_Given data:_
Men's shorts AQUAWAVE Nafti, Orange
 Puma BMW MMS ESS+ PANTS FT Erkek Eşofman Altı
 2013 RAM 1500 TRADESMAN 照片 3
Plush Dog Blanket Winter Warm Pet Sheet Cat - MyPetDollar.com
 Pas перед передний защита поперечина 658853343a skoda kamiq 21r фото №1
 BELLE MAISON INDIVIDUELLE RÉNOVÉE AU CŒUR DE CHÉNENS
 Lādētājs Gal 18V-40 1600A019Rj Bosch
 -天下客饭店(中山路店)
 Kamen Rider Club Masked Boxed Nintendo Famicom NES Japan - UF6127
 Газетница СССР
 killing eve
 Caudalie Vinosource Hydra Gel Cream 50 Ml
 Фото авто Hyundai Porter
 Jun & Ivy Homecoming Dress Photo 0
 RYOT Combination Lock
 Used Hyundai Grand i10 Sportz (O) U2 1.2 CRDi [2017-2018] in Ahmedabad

_Task directions:_ Please report, as a bare number, how many lines of the data contain the word "Hyundai".

_Answer space:_ 2